To be fair to technology geeks, I spent 5 years myself employed in a university EE department and never heard anyone there claim that anything they did could not be improved on and so I'm not buying the perfection argument in this forum.

It takes a lot of data to make music sound realistic and takes no stretch of imagination to assume that even small problems of data reading could be detectable in sound quality.

Some tweaks help, some don't. And why they work is probably not known either but we have some guesses. The problems with music cd's are subtle and I can't say whether it is missing data, interpolation errors, jitter, or whatever else .
 
Oct 2, 2003 at 9:35 PM Post #28 of 51
Quote:

having to restart discs which don't read properly


Huh? CDs? You probably have a bad drive. None of my drives do that. Of course your CDs may be all scratched up from group use at work but mine aren't, and my music CDs are never scratched.

(and if a disc fails to read once it's usually unreadable. What do you mean restart?)
 
Oct 3, 2003 at 3:00 AM Post #29 of 51
The error correction used in audio CD is called reed-soloman coding. It interleaves the data. So any data error caused by scratches etc is spread out and thus can be corrected mathmatically. The coding is invented for basic error free transmission of data. A CD will have defect from manufacturing even it is scratch free (from dust in the air, worn press etc.). The error correction makes the CD usable even with small defect.

However, it is not correctable. If the damage is large enough to wipe out an entire frame. Therefore, cleaning CD in a circular motion often create scratches that are circular and not correctable.

Depends on the position of the bit error, the degradation can be subtle or significant. But the effect is random. The worst case is if the error happens at the MSB, the result is clicking noise. (try real time disc to disc copy at 32x or higher you'll find a lot of these.)

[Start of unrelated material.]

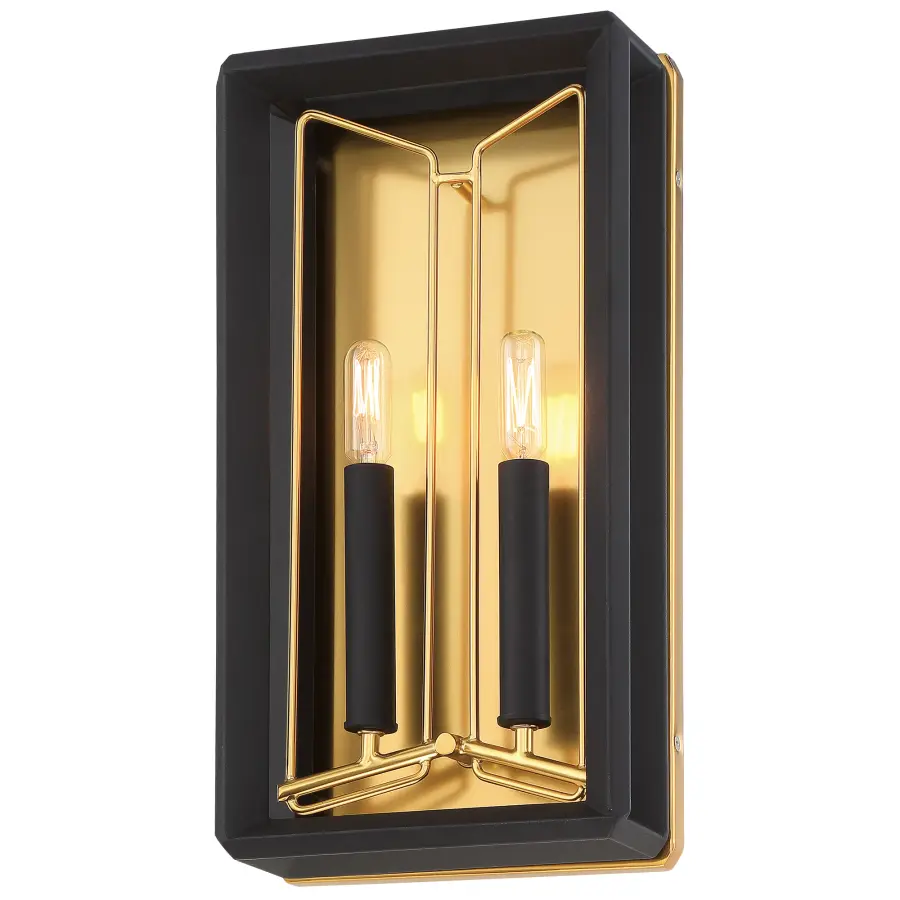Sable Point 2-Light Wall Sconce in Sand Black with Honey Gold Accents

A smoother sound or more detail sound are not the result of lower bit error.
 
Oct 3, 2003 at 9:27 PM Post #30 of 51
________________________________________________
Depends on the position of the bit error, the degradation can be subtle or significant. ...A smoother sound or more detail sound are not the result of lower bit error
_______________________________________________
I think you just contradicted yourself.

There appears to be a camp out there who want to believe that somehow cd/dvd discs are perfectly read, contrary to every other technology known to mankind. Even cleaning your laser lens changes sound ona player.

I do not believe that disc reading is perfect, there are error problems including dropped bits,improperly interpolated data, and delay problems such as jitter and probably other problems not even known or understood as yet.

Whether any given tweak actually improves sound, and how, is not generally known or understood, but there are many intelligent listeners who put both their time and money into such things and feel it is worthwhile.

This is no different in principle than in trying different items of equipment or accessories such as cables to see if they sound better, except it is usually cheaper.

For those willing to experiment I recommend www.tweakaudio.com for a good discussion of such issues.